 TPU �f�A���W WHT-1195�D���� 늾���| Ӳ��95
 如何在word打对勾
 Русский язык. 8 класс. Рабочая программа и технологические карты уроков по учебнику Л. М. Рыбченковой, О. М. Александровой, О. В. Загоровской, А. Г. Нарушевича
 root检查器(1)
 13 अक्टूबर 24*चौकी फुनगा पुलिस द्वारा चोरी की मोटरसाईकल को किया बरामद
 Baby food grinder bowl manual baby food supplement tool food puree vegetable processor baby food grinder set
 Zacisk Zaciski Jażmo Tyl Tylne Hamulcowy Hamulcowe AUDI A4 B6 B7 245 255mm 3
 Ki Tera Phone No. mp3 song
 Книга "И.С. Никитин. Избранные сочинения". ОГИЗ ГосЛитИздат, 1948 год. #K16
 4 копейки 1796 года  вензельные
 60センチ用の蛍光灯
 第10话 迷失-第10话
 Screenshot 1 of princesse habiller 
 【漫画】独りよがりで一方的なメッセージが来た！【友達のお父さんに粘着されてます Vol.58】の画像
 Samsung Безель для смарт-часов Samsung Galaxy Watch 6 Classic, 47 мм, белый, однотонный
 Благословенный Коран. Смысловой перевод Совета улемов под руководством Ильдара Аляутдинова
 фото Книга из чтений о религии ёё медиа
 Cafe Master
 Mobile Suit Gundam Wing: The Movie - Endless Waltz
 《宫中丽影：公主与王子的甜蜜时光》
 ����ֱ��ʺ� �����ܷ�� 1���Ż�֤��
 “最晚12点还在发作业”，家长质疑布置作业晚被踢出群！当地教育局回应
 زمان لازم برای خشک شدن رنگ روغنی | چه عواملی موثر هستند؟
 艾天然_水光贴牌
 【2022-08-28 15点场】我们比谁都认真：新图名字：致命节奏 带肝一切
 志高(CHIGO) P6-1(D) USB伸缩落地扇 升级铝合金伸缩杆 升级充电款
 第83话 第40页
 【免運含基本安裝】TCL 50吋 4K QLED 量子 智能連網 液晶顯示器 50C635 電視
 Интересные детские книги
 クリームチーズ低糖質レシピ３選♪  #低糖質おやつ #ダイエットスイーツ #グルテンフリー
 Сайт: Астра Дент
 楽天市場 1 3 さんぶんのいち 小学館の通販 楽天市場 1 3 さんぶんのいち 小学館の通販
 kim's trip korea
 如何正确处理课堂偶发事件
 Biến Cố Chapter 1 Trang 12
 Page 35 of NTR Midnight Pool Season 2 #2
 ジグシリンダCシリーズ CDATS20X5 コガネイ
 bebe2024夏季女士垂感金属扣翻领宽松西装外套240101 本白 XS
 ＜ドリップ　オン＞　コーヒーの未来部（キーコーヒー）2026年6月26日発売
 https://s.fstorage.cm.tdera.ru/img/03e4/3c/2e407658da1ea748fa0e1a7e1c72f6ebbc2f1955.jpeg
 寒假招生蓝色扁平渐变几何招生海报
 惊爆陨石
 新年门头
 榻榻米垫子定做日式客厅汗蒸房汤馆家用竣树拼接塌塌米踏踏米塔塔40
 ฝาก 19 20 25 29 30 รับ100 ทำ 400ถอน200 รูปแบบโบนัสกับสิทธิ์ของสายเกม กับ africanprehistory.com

* * * * * * *

Wherever "Книга" occurs in the records above, copy the line it sits in.

§ **Answer to this problem**
 Книга "И.С. Никитин. Избранные сочинения". ОГИЗ ГосЛитИздат, 1948 год. #K16
 фото Книга из чтений о религии ёё медиа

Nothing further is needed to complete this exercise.